Similar in some ways to the rarer red kite, the buzzard's rounded, fan-shaped tail feathers instantly distinguish it from the kite whose tail feathers are shaped in a 'V'.
The buzzard's wingspan is also shorter by some 65cms when compared to the 195cms maximum span of the more majestic kite.
The buzzard is now thought to be the commonest large bird of prey in Scotland and generally down the western side of Britain.
This was probably borne out earlier this year when I spotted two within minutes of leaving my car during a trip to Dartmoor in Devon.
Although the buzzard rarely leaves its native country, two other species do migrate to our shores.
These are the Scandinavia-based Rough-Legged buzzard, partial to lemmings as well as rabbits, and, more rarely, the Honey buzzard.
This feeds on wasp and bee larvae and occasionally arrives here from the Continent after wintering in Africa.
Our own buzzards were almost wiped out in the 1950s due to the decimation of rabbits by myxomatosis, destroying their main food source during the breeding season.
Illegal shooting of buzzards has always been a problem and most crimes of this nature may go unrecorded because they happen in remote places and are quickly concealed.
But the RSPB says that of 37 formally noted shootings of birds of prey last year, 10 victims were buzzards.
Many more buzzards are believed to be killed by poisoned baits or steel spring-traps set on top of posts or sawn-off tree trunks.
In a way, this made a report of a buzzard attacking a jogger in Cumbria all the more interesting.
Were buzzards striking back at last ? Apparently not.
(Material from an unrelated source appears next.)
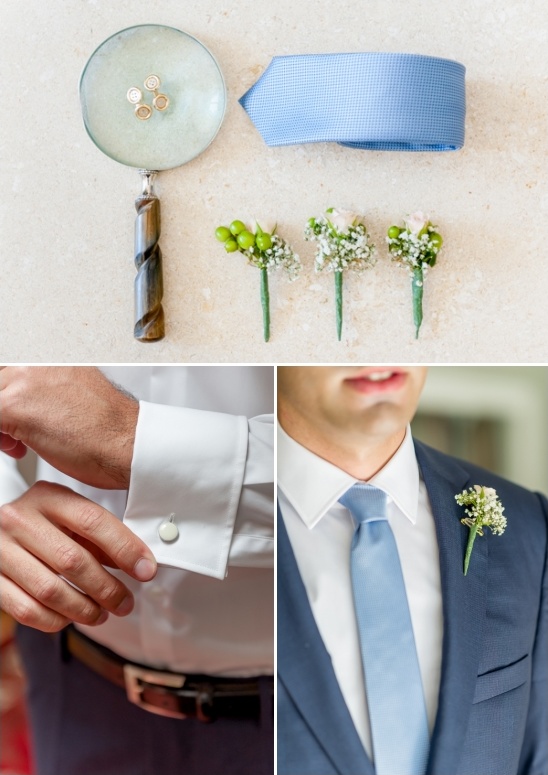 Groom getting ready: cufflinks, tie, boutonnieres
Although undoubtedly powerful and capable of inflicting terrible wounds, it seemed this particular buzzard may have escaped from captivity and so had no innate fear of Man.
Still, that must of been of little comfort to the jogger who suffered 15 severe wounds to his head courtesy of his attacker's formidable claws and hooked bill.
A passing motorist found him dazed, battered, and covered in blood. He seems lucky not to have lost an eye.
Talking of buzzards, someone once told me of an incident which occurred after she discarded her Christmas turkey carcass in her back garden.
A "giant chicken" had swooped down and snatched it away, she said. A buzzard more likely.